Hidden Capital Gains Tax

30 March 2009 Eugene du Plessis, head of tax, and Norma Geldenhuys, tax director, at PKF

Companies busy with or anticipating their own liquidation, deregistration or winding up need to be aware that they could trigger an early capital gains tax (CGT) liability for their shareholders, with the attendant cashflow implications this would entail.

Such a situation could arise if the company intends to take advantage of the secondary tax on companies (STC) exemption which is available in terms of section 64B(5)(c) of the Income Tax Act. Currently, a company can avail itself of this exemption on the distribution of pre 31 March 1993 revenue profits and pre 1 October 2001 capital profits. However, this possibility will fall away when the new dividend withholding tax regime – expected in the latter part of 2010 – becomes effective, but in the meantime shareholders must take note that an STC-exempt distribution could give rise to a CGT liability in their hands. An exposition of recent changes to our tax legislation will show how this could happen.

For CGT purposes, any distribution by a company that does not constitute a dividend – for example a return of share capital or share premium to shareholders – and any dividend that qualifies for the STC exemption already mentioned, constitutes a so-called “capital distribution.”

The South African Revenue Service (SARS) has now decreed that, after 1 October 2007, any capital distribution received by or accrued to a shareholder triggers a deemed part-disposal of that share on the date of the receipt or accrual of the capital distribution. A shareholder will thus have to determine a capital gain or loss on this deemed part-disposal even though he or she still owns the particular shares. In effect, this is a mechanism whereby SARS can collect taxes on any capital “gain” made by the shareholder over the period that the share has been held, instead of having to wait - for what could be decades – until the share is disposed of.

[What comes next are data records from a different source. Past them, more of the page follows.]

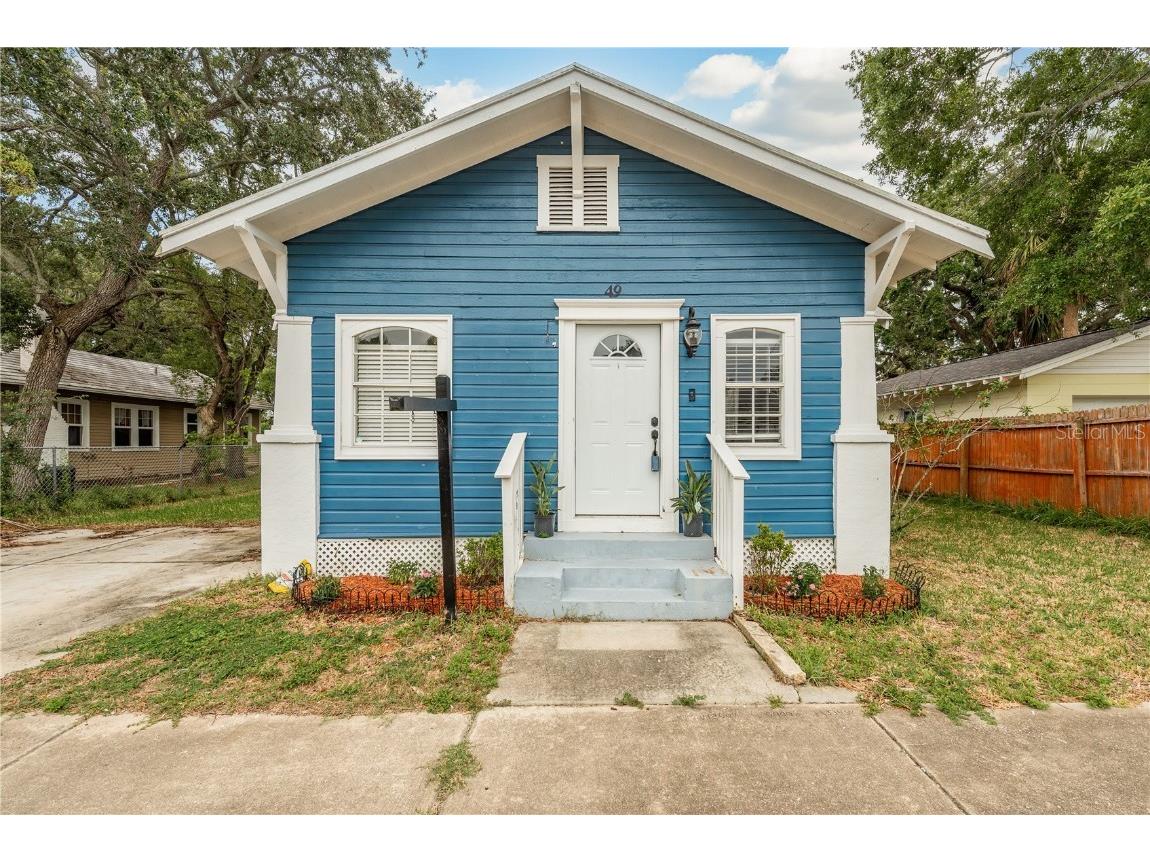 49 W Boyer Street Tarpon Springs FL 34689 U8245664 image1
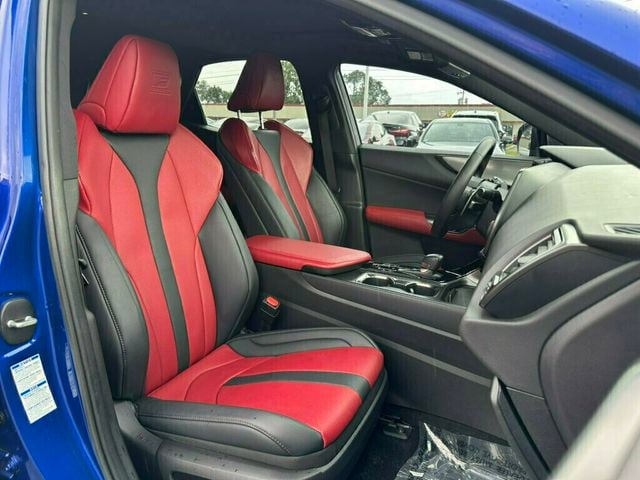 2022 Lexus NX NX 350 F SPORT Handling AWD - 23069999 - 15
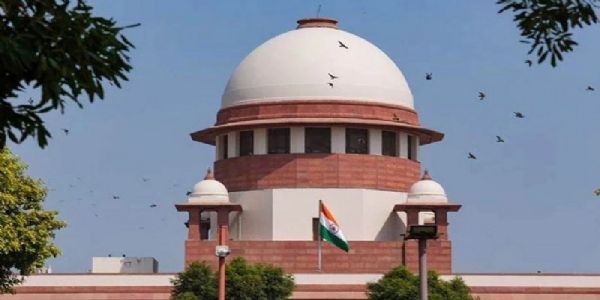 ओबीसी आरक्षण प्रकरण में राज्य सरकार ने सुप्रीम कोर्ट में रखा प्रभावी रूप से पक्ष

With respect to the period before 1 October 2007, companies were previously allowed to distribute their share capital to shareholders – as a reduction in capital – without triggering either STC or CGT. In the case of STC this was because such a capital distribution is specifically excluded from the definition of a dividend, and in the case of CGT because any capital distribution was only required to be added to the proceeds realised when the shares were eventually disposed of, with CGT then levied at the point of disposal.

As a result of retroactive changes made to the Income Tax Act, this situation no longer applies. If any capital distribution is made between 1 October 2001 and 1 October 2007, and the shares in respect of which the distribution were made are still owned by the shareholder on 1 July 2011, SARS will deem there to have been a part-disposal of those shares. A deemed capital gain or loss will accordingly have to be determined, and shareholders may be required to pay CGT on shares not yet disposed of. Holders of listed and unlisted shares will be affected, and even more complex rules will apply to shareholders who have elected to use the weighted average method of valuing their listed shares.

The unfortunate consequence of all this is that: should a company or its shareholders be considering its liquidation, deregistration or winding-up in order to utilise the section 64B(5)(c) exemption, the potential CGT implications, which may result in an unexpected cashflow demand should also be considered and shareholders (holding shares in companies where liquidation, deregistration or winding-up is not envisaged) who received capital distributions between 1 October 2001 and 1 October 2007 should prepare in the near future to make a contribution to SARS which they probably had not anticipated making.